* [DESCRIPTION OF THE TASK]: From the material below, please set down exactly the lines starting with the one with "The next set" and going on through the one with "Now because of", without a single picture.

* [SUPPLIED INFORMATION]:

* * * * * * * * *

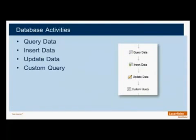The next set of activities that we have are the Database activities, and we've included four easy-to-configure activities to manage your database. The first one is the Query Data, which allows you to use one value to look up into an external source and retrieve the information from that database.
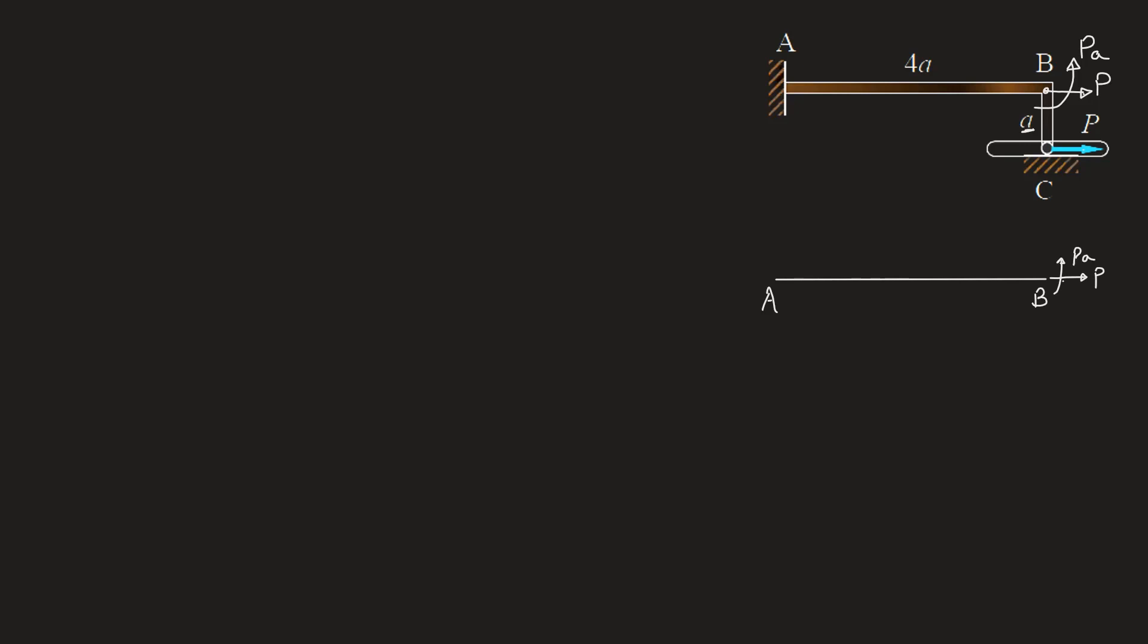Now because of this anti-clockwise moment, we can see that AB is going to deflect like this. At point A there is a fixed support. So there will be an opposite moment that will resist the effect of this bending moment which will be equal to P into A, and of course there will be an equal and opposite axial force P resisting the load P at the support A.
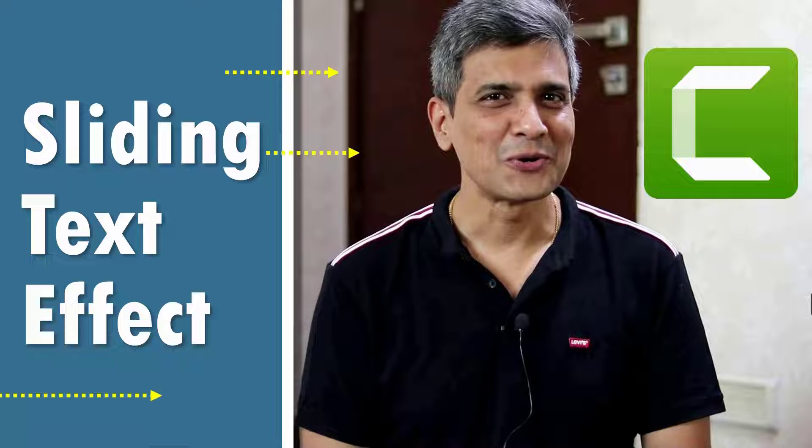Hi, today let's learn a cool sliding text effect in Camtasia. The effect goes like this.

* * * * * * * * *

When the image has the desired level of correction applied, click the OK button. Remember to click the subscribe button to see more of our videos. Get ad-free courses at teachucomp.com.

* * * * * * * * *

* [FINAL ANSWER]:
The next set of activities that we have are the Database activities, and we've included four easy-to-configure activities to manage your database. The first one is the Query Data, which allows you to use one value to look up into an external source and retrieve the information from that database.
Now because of this anti-clockwise moment, we can see that AB is going to deflect like this. At point A there is a fixed support. So there will be an opposite moment that will resist the effect of this bending moment which will be equal to P into A, and of course there will be an equal and opposite axial force P resisting the load P at the support A.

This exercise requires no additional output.